* What you need to do
Working from the top of the records below, reproduce each line exactly, ending once you have written the line containing "Какой длины самая большая снежная крепость?".

* Input for this task

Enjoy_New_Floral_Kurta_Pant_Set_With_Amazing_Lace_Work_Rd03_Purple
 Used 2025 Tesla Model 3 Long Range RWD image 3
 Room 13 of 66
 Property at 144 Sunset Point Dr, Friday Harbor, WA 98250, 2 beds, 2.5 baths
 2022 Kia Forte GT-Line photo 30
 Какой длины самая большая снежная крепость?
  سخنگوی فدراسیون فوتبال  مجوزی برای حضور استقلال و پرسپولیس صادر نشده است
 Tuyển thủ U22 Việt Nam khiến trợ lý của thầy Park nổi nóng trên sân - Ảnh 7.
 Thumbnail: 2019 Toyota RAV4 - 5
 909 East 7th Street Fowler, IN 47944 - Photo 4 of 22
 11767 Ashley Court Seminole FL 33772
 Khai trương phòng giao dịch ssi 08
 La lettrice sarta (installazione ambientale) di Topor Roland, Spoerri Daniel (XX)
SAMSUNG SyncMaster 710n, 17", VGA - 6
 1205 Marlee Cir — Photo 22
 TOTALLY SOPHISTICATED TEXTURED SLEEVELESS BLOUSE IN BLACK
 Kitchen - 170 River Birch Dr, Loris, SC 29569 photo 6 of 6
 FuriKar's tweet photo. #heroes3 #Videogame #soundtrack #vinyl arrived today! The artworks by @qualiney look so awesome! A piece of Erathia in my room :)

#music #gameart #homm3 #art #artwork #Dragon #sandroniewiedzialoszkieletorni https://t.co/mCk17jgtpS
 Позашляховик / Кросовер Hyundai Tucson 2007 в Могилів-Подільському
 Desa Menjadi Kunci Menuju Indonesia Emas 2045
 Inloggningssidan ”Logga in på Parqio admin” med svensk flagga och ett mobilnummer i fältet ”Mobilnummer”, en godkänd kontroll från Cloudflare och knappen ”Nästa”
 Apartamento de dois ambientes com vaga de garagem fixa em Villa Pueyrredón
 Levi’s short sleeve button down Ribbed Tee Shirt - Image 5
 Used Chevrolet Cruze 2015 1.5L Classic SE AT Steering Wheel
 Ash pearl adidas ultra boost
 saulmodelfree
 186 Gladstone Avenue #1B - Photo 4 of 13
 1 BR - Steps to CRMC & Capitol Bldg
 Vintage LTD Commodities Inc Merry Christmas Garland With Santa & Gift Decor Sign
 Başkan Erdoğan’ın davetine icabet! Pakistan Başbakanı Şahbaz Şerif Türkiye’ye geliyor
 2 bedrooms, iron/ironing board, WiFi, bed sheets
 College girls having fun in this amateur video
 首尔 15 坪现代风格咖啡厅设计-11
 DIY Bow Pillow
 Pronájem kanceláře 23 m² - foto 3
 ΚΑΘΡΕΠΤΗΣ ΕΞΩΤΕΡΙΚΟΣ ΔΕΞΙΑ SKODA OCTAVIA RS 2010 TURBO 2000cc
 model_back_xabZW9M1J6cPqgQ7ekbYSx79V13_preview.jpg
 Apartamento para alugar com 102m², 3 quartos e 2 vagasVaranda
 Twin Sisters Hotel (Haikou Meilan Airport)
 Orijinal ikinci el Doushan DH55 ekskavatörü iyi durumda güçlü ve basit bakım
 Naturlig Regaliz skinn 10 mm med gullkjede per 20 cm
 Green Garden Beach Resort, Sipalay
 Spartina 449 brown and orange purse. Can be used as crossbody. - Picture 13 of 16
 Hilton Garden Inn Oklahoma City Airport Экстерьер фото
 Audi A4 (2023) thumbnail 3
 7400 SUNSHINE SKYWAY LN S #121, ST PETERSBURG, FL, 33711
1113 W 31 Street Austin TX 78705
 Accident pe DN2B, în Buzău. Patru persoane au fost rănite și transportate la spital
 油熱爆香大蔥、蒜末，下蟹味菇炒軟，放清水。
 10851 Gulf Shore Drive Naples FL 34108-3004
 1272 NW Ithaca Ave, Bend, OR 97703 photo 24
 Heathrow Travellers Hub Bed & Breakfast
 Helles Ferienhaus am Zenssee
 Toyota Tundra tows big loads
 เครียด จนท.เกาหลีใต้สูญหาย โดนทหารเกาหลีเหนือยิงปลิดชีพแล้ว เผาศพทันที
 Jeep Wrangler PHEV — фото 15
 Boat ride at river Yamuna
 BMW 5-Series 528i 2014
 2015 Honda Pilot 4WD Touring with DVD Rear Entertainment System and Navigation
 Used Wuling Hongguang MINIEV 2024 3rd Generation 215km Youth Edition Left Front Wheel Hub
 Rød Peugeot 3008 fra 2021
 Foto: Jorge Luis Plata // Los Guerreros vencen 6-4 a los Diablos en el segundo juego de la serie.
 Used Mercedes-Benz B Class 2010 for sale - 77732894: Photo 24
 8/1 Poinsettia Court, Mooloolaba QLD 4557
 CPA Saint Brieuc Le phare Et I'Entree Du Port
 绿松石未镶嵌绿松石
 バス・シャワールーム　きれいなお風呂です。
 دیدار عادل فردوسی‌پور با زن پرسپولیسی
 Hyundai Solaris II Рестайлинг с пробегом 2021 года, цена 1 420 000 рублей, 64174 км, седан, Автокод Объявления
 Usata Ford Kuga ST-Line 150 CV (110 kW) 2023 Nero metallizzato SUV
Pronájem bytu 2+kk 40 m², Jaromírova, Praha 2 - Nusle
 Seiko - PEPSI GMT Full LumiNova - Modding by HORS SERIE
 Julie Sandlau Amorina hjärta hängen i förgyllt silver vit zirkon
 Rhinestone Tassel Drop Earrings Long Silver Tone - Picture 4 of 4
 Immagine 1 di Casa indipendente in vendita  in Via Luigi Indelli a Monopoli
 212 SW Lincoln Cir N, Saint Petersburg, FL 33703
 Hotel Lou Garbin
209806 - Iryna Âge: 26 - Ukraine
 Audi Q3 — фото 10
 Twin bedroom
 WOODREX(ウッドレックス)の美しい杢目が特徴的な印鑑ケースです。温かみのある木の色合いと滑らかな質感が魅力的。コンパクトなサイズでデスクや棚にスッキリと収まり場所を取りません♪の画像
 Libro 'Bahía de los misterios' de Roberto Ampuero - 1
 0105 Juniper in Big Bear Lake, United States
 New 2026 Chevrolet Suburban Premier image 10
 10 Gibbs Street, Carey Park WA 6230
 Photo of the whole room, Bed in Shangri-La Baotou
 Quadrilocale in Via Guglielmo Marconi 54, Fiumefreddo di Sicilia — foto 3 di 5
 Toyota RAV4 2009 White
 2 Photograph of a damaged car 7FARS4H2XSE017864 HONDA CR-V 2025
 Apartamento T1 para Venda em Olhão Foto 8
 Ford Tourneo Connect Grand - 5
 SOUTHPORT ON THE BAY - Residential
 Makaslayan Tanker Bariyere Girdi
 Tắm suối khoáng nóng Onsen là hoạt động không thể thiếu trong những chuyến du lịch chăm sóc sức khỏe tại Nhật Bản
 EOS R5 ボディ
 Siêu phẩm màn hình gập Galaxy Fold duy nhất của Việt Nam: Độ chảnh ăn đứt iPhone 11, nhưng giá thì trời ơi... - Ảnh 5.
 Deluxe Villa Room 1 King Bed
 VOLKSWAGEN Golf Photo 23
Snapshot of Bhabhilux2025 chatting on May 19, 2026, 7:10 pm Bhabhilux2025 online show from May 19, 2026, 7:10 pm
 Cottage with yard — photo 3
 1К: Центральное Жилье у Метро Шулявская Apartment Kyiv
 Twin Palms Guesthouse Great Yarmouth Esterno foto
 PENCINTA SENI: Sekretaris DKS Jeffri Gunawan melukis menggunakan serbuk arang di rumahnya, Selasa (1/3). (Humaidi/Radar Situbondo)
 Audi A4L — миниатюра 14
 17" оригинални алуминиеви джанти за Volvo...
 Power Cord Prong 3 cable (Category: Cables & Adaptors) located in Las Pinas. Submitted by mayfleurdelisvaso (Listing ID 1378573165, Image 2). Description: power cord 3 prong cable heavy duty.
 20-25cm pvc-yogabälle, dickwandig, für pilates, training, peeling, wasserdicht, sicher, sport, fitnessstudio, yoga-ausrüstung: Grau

* Written reply
Enjoy_New_Floral_Kurta_Pant_Set_With_Amazing_Lace_Work_Rd03_Purple
 Used 2025 Tesla Model 3 Long Range RWD image 3
 Room 13 of 66
 Property at 144 Sunset Point Dr, Friday Harbor, WA 98250, 2 beds, 2.5 baths
 2022 Kia Forte GT-Line photo 30
 Какой длины самая большая снежная крепость?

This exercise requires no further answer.